I have a Python script that contains a big loop reading a file and doing some stuff (I am using several packages like urllib2, httplib2 or BeautifulSoup).
It looks like this :
try:
with open(fileName, 'r') as file :
for i, line in enumerate(file):
try:
# a lot of code
# ....
# ....
except urllib2.HTTPError:
print "\n >>> HTTPError"
# a lot of other exceptions
# ....
except (KeyboardInterrupt, SystemExit):
print "Process manually stopped"
raise
except Exception, e:
print(repr(e))
except (KeyboardInterrupt, SystemExit):
print "Process manually stopped"
# some stuff
The problem is that the program stops when I hit Ctrl+C but it is not caught by any of my two KeyboardInterrupt exceptions though I am sure it is currently in the loop (and thus at least inside the big try/except).
How is that possible?
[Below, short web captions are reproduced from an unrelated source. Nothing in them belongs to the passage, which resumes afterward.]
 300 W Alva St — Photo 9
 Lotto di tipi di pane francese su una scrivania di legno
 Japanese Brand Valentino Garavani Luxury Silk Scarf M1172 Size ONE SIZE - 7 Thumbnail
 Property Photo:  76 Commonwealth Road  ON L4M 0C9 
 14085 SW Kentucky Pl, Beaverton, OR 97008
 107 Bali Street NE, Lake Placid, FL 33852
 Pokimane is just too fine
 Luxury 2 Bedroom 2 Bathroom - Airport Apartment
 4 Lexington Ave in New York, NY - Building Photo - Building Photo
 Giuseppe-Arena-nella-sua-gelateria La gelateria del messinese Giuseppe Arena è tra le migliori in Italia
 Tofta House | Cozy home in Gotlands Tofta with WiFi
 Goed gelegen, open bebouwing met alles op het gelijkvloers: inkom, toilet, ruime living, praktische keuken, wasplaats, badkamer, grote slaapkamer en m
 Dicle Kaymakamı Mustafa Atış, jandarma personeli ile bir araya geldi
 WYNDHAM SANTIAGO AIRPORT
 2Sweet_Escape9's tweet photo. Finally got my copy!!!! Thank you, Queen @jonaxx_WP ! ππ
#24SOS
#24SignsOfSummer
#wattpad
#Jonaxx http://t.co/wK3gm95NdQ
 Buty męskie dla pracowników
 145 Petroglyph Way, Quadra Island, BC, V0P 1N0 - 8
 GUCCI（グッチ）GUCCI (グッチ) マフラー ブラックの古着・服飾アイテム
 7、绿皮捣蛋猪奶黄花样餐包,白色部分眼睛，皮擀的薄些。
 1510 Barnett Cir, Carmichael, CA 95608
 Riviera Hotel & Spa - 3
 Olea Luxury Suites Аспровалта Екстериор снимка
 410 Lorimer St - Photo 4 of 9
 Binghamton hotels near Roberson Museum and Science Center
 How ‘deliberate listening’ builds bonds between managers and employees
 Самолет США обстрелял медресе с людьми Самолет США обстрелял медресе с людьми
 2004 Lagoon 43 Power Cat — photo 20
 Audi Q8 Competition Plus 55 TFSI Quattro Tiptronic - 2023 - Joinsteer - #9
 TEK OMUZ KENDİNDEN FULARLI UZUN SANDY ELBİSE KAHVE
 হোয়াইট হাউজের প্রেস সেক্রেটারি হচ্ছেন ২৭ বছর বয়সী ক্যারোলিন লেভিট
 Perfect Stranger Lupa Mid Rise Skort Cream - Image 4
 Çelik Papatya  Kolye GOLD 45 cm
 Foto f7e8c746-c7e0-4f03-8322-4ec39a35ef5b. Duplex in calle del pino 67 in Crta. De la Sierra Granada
At first I thought it was because one of the packages I'm using doesn't handle the exceptions correctly (like by using an "except:" only) but if it were the case, my script wouldn't stop. But the script DOES stop and it should be caught by at least one my two except, right?
Where am I wrong?
Thanks in advance!
EDIT:
With adding a finally: clause after the try-except and printing the traceback in both try-except blocks, it usually displays None when I hit Ctrl+C, but I once managed to get this (seems that it comes from urllib2, but I don't know if it is the reason why I can't catch a KeyboardInterrupt):
Traceback (most recent call last):
File "/home/darcot/code/Crawler/crawler.py", line 294, in get_articles_from_file
content = Extractor(extractor='ArticleExtractor', url=url).getText()
File "/usr/local/lib/python2.7/site-packages/boilerpipe/extract/__init__.py", line 36, in __init__
connection = urllib2.urlopen(request)
File "/usr/local/lib/python2.7/urllib2.py", line 126, in urlopen
return _opener.open(url, data, timeout)
File "/usr/local/lib/python2.7/urllib2.py", line 391, in open
response = self._open(req, data)
File "/usr/local/lib/python2.7/urllib2.py", line 409, in _open
'_open', req)
File "/usr/local/lib/python2.7/urllib2.py", line 369, in _call_chain
result = func(*args)
File "/usr/local/lib/python2.7/urllib2.py", line 1173, in http_open
return self.do_open(httplib.HTTPConnection, req)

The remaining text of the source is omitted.